Dr. Gayathri Devi Video (Text Version)
Title: Targeted Strategy to Overcome Resistance to Immunotherapy
Investigator: Gayathri Devi, PhD; Duke University Medical Center
My Idea Award is looking at developing a targeted genomics-based strategy to overcome resistance to immunotherapy and enhance cancer vaccine in breast cancer patient therapy.
One of the issues with cancer vaccines and immunotherapy is that there is a subset of a cells called T-regulatory cells that suppress the efficacy of the cancer vaccines. In a normal immune system, they actually help in controlling autoimmunity so they do not allow antigen-specific T-cells to mount an immune response to everything, so they protect us. However, the same mechanism becomes a problem in cancer and in viral infections where they suppress the potency of cancer vaccines. Indeed these T-regulatory cells or T-suppressor cells are actually very high in cancer patients. So if we can specifically target these cells then we can definitely use them as a novel adjuvant for any type of cancer vaccines and immunotherapy.
So we developed a very novel strategy of an antisense-based oligomers that are unique in such that they can target the T-regulatory cells specifically nontoxically and in conjunction with cancer vaccines. So, how do we isolate these T-suppressor cells? This is a big challenge because there are a very small percentage of the T-cells in the body. So we've come up with a flow cytometric analysis by which we can sort for these specific sub-populations of T-cells by looking at certain markers which are the CD4 positive and the CD25 markers as shown here. And this population of T-cells has very high levels of expression of a protein called FoxP3. Now FoxP3 is a transcription factor and it has now been identified to be very specific for T-regulatory development and also it is considered as a marker of T-regulatory function. So our idea now was okay, can we target FoxP3; that way we will specifically eliminate the T-regulatory cells from the patient's system and thereby increasing the potency of the cancer vaccines that are administered.
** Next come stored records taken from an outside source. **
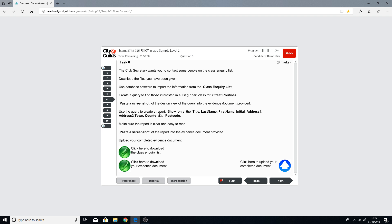Use the query to create a report to show only the title, last name, first name, initial, address 1, address 2, town, county and postcode. Make sure the report is clear and easy to read and then paste a screenshot of your report into the evidence document provided. Then upload your completed evidence document using the blue button.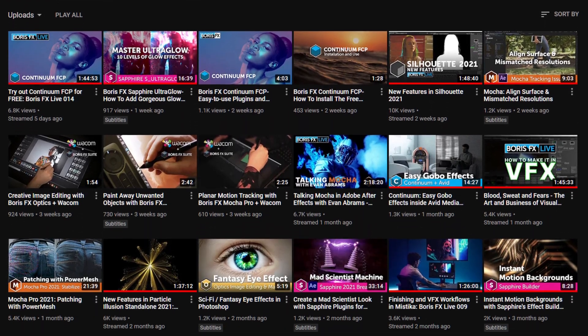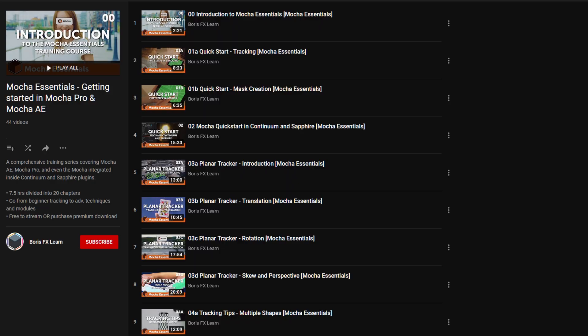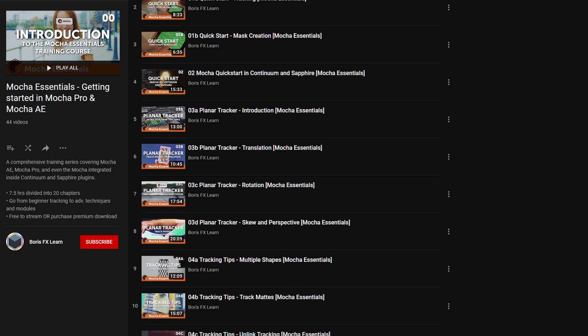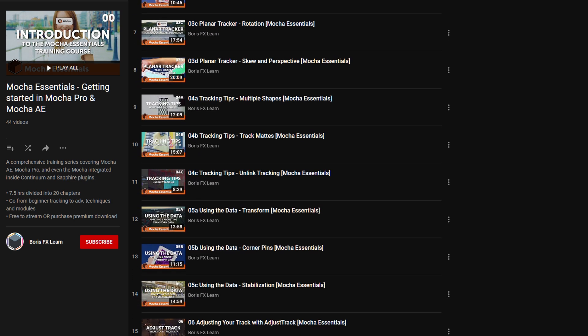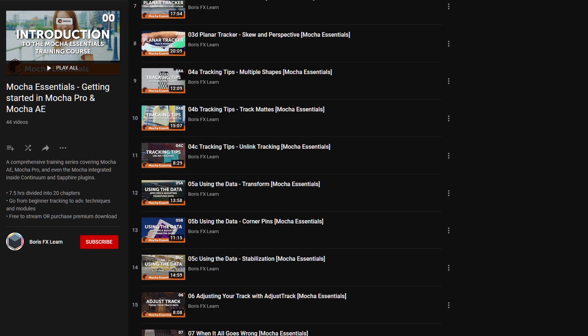Link down below. What you'll get on Boris FX Learn are larger series — for example, an in-depth getting started course on a particular product, or how to tackle bigger, more complex projects. These deep dives will be broken down into smaller, more manageable pieces, and each course will have its own playlist, so you can easily pick up where you left off.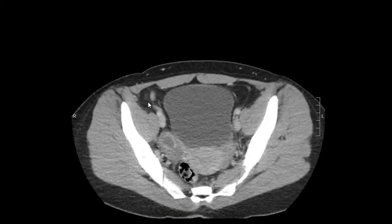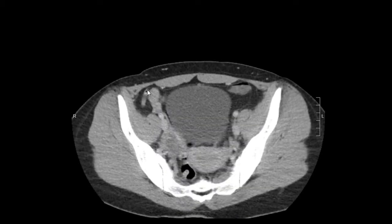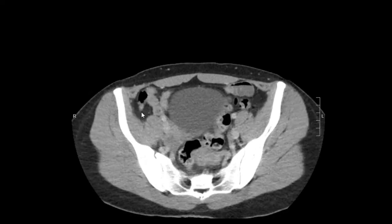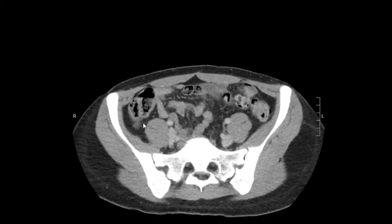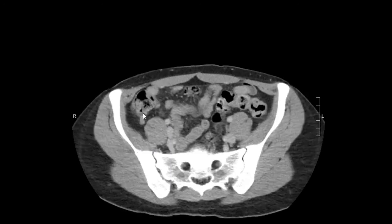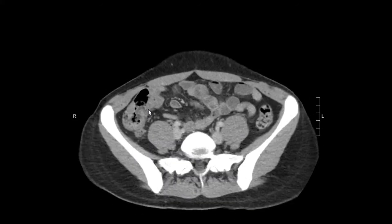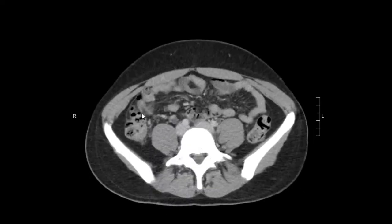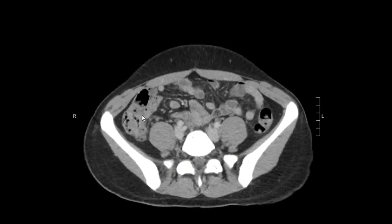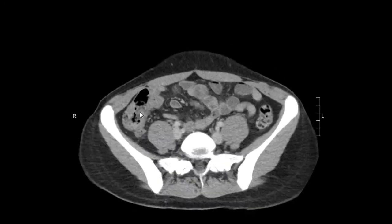Here is the appendix — you can see the blind-ending tube coming right off of the cecum. You can also look for the terminal ileum, and this is it right here. It has a fatty lip — the ileocecal valve. And we can see here is the terminal ileum coming into the cecum and the ileocecal valve.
This slide shows that indeed these markers of FoxP3 expressing T-regulatory cells can suppress the proliferation of normal antigen specific T-cells which is what is needed to mount a robust immune response when a patient is vaccinated.
Immune cells are very difficult to target. It's very difficult to get agents into the immune cells, so in order to be able to do that we need to have a safe and at the same time a nontoxic product that can get in, stay for a long period of time to elicit its response before it gets degraded.
So what we did was we came up with a very novel way of conjugating these oligomers called phosphorodiamidate morpholino oligomers or also called PPMO chemistry. it is basically a derivative of our normally occurring RNA molecule which has the phosphodiester bond, or in some cases a phosphorothioate bond. we substituted the ribose sugar with the morpholine sugar and also substituted the oxygen that amide bond. This allows for this to be resistant to enzymatic cleavage in the body. It also allows them to be more stable and they'll have better binding to the target RNA.
So by adding on peptide conjugates to this basic chemistry, these peptide-conjugated phosphorodiamidate morpholino oligomers, also called PPMO allow us to get very high delivery into monocytes into T-cells including the T-regulatory cell population and also into the B-cells which are all important components of the immune system. And we could do this in a more nontoxic manner, there was no change in viability and these cells were healthy when they had the PPMO delivered to them.
So then we wanted to see does the target T-cells express our target gene which is FoxP3. And we saw indeed that when we activate T-cells these do have high expression of FoxP3. So our next challenge was can we get our PPMO into these activated T-cells that are also expressing high levels of FoxP3. And indeed we had about 89 to 90% increase in PPMO delivery into the activated PBMCs and also even the nonactivated PBMC take up these PPMO so it tells us that we can use them broadly in multiple scenarios.
So our idea now was okay, can these PPMOs inhibit our target gene expression which is FoxP3. We took peripheral blood, mononuclear cells from normal donors and from the patient population and looked at FoxP3 expression before and after treatment for multiple days. We were able to reduce the FoxP3 expression which in a sense means that we are able to target the T-regulatory cells.
However, really the proof lies in showing a functional efficacy, so we decided to look at a model of CMV-induced antigenspecific response. So we took blood from people who are CMV positive and used this as a model to show that when we treat these immune cells with our FoxP3 PPMO we were then able to have a very strong enhanced immune response in this functional assay.
So, in summary, that showed us that this strategy is not only easy to deliver into human cells; this chemistry allows us to target specifically a small subset of these T-cells which causes resistance to various immunotherapeutic strategies and also not only are we reducing the frequency of these T-regulatory cells but modulating them to such that we get a better enhanced immune response. So our idea is that we should target these T-suppressor cells or T-regulatory cells which will then enhance the potency of any cancer vaccine that is being tried in the clinic.